## [Work instruction]
Reproduce the material below only from the line with "ストリートファイター6」で使うアケコンはコレだ！ スト6発売直前最新" to the line with "Nude Image #vxy1M7XJX2", both included, keeping each line exact and dropping the pictures.

## [Records supplied]

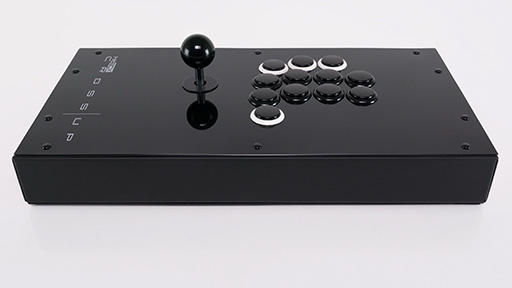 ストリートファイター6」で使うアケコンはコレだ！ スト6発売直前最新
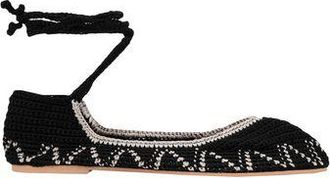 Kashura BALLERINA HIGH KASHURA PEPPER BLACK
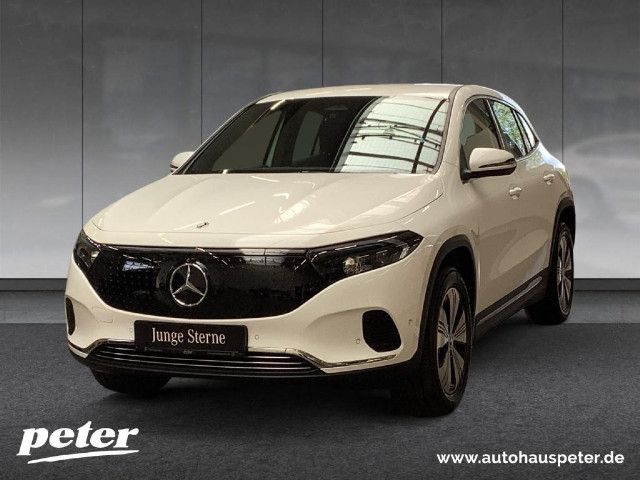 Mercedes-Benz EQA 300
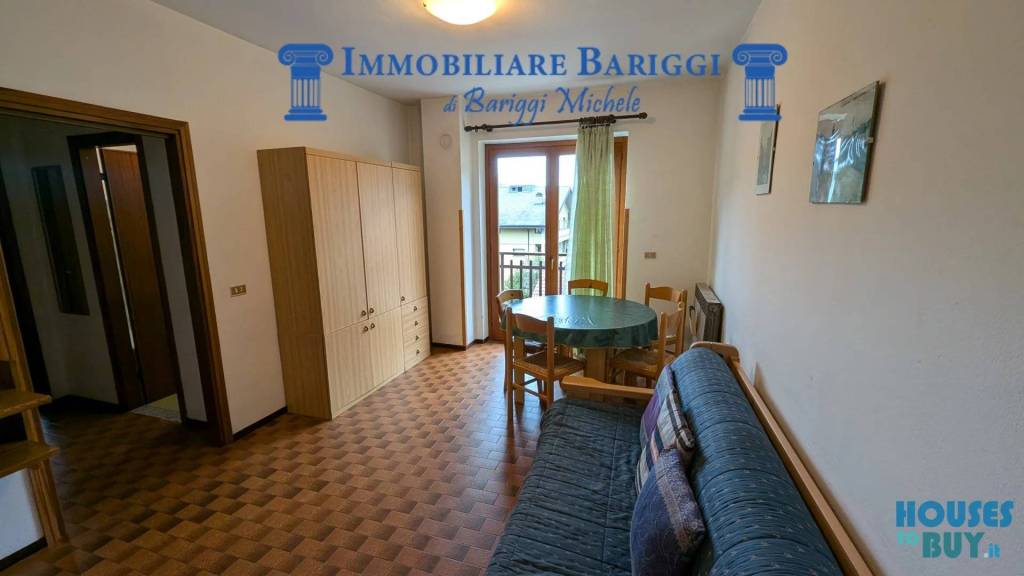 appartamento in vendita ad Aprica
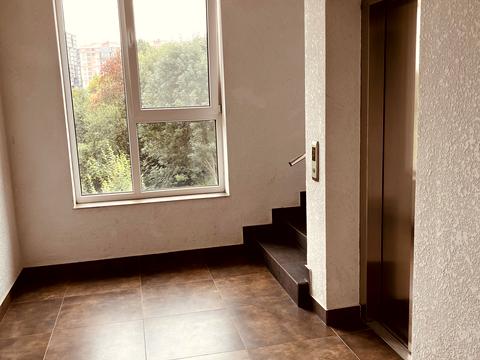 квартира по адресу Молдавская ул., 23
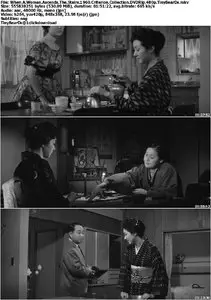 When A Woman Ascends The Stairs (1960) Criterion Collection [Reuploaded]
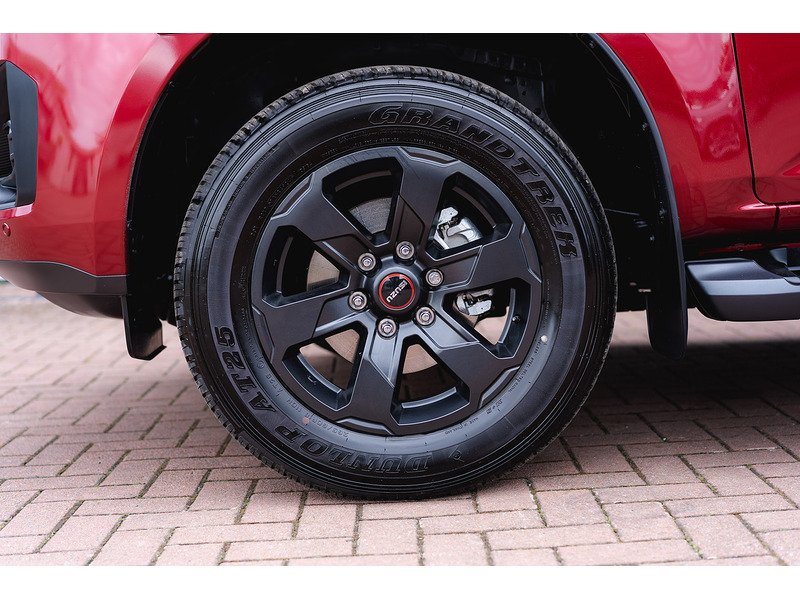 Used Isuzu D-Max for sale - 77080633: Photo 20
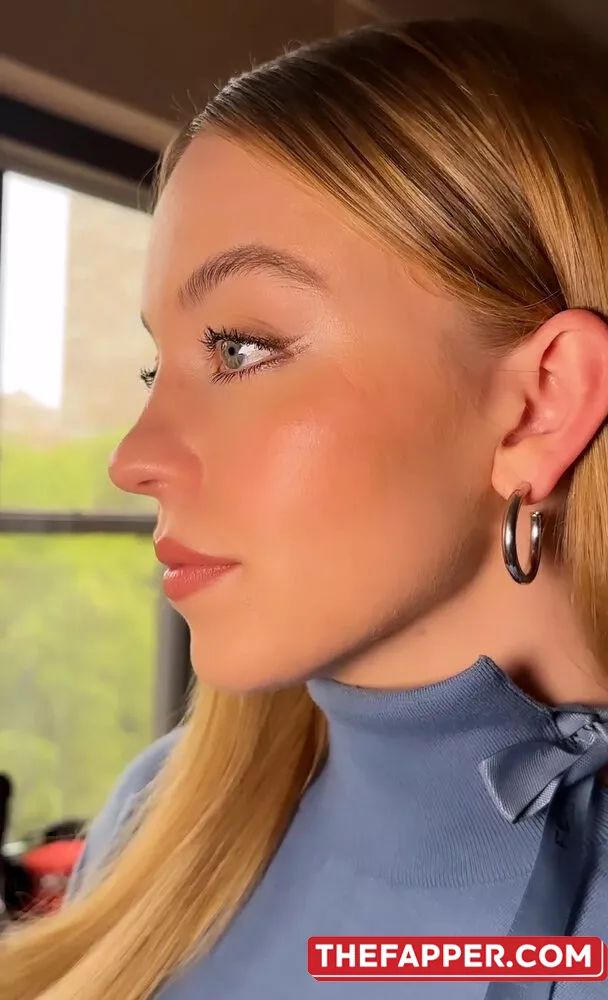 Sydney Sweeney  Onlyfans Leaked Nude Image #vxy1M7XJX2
---
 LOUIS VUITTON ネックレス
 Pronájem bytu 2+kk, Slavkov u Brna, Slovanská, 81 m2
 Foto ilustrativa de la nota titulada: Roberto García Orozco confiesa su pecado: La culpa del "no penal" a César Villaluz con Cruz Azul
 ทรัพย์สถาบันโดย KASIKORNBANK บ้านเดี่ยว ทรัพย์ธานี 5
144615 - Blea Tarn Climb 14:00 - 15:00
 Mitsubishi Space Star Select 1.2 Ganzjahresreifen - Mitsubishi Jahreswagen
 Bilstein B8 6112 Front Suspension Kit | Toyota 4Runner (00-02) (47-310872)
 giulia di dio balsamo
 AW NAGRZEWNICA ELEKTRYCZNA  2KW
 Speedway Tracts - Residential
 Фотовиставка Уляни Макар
==
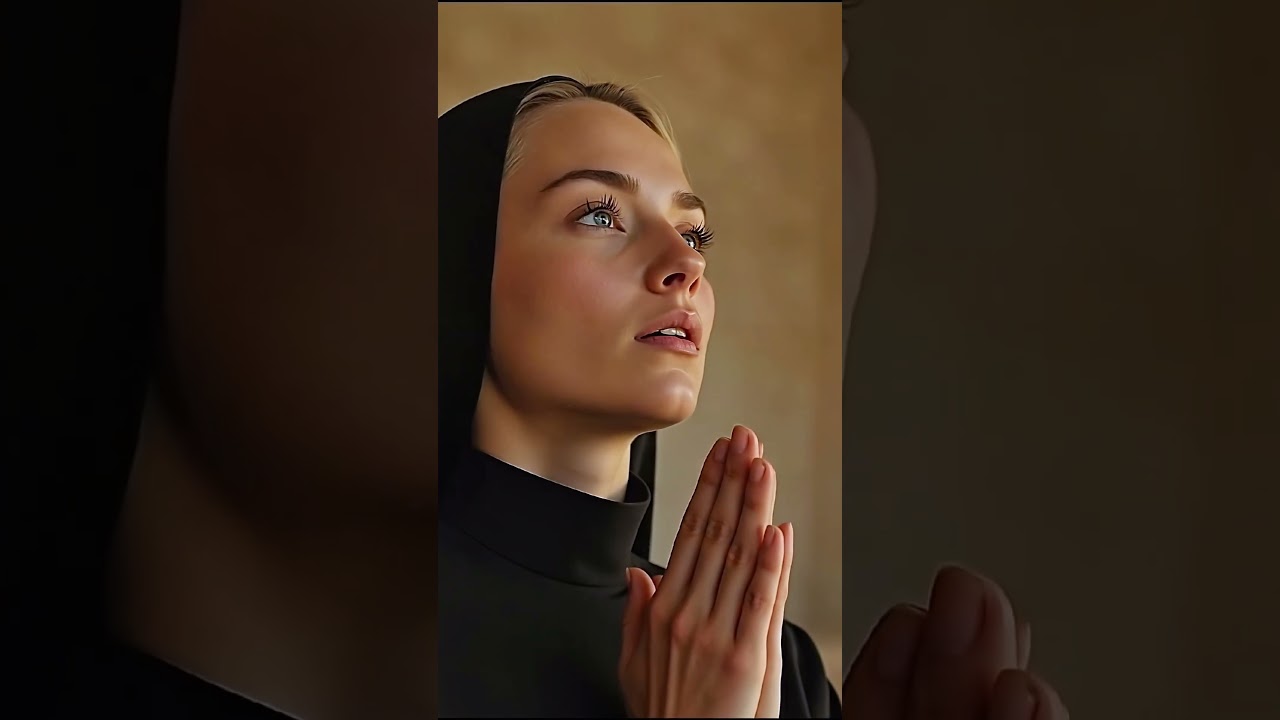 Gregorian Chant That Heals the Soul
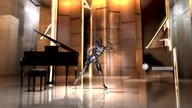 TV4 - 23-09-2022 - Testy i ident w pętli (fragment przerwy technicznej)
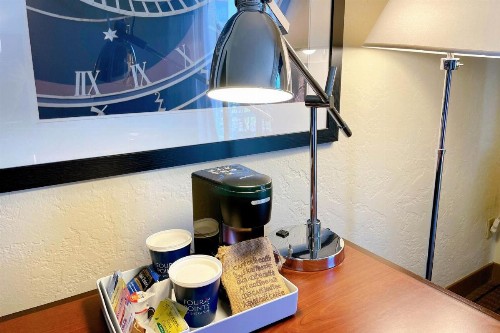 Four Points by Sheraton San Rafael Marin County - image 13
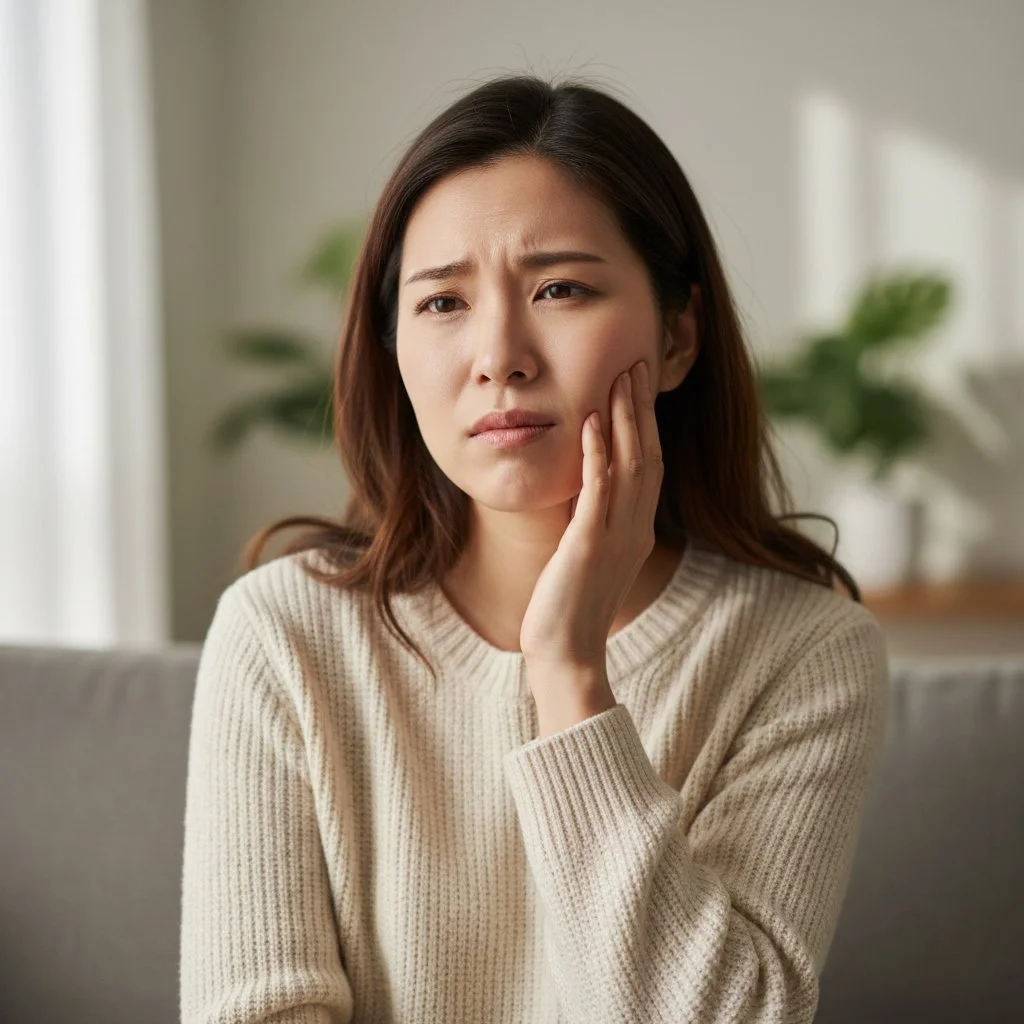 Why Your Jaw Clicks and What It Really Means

## [Task solution]
 ストリートファイター6」で使うアケコンはコレだ！ スト6発売直前最新
 Kashura BALLERINA HIGH KASHURA PEPPER BLACK
 Mercedes-Benz EQA 300
 appartamento in vendita ad Aprica
 квартира по адресу Молдавская ул., 23
 When A Woman Ascends The Stairs (1960) Criterion Collection [Reuploaded]
 Used Isuzu D-Max for sale - 77080633: Photo 20
 Sydney Sweeney  Onlyfans Leaked Nude Image #vxy1M7XJX2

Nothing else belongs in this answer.